Historically low snowfall totals across the Western U.S. has reduced visits to Vail Resorts (MTN) properties, by 10.8% this year. Vail, Park City and Beaver Creek (CO based resorts) received their lowest snowfall totals in 30 years (50% less than the next lowest winter season), while their 3 California based properties received 69% less snow than the 20-year average. Despite the lack of fresh powder, MTN reports that lift ticket revenue is up 1.6% YOY; with season pass sales (+14% YOY to 740,000) helping to offset the decline in single day visits (and lift ticket sales). Revenue declines from ski school (4.5%), dining (8.7%) and retail/rental property (11.5%), more accurately reflect the impact the weather has had on the company’s bottom line.

Howie Long-Short: MTN CEO Rob Katz has told investors the “challenging conditions” will cause the company to miss earlier earnings projections, but said the guaranteed revenue from season pass sales (+20% YOY) and investments the company has made in off-slope amenities (i.e. Park City got a $50 million renovation in ’15) would prevent further declines; even if the lack of snowfall continues. The disappointing fiscal Q1 comes on the heels of a typically slow summer for the company, reporting a loss of $28.4 million for the quarter that ended October 31st; though that figure is down from $63 million in Q1 ’17, the improvement comes as a result of a non-recurring tax benefit.

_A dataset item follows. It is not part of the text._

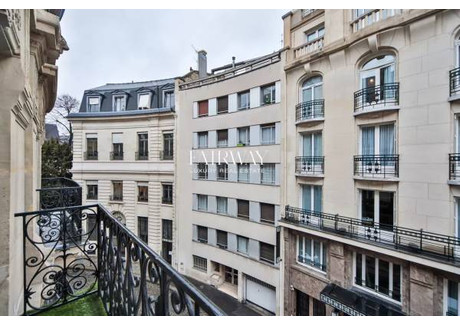 Mieszkanie na sprzedaż - Paris 8eme, Francja, 131 m², 1 569 568 USD (6 262 577 PLN), NET-96532375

Fan Marino: The Western U.S. hasn’t had much powder, but that isn’t the case on the East Coast or in British Columbia. MTN reported that their newest acquisitions, both Stowe (Vermont) and Whistler Blackcomb (B.C.) have had strong winters thus far. Whistler’s snow conditions (96%-97% of the terrain was open Christmas Week) even abled the resort to open a week early this season!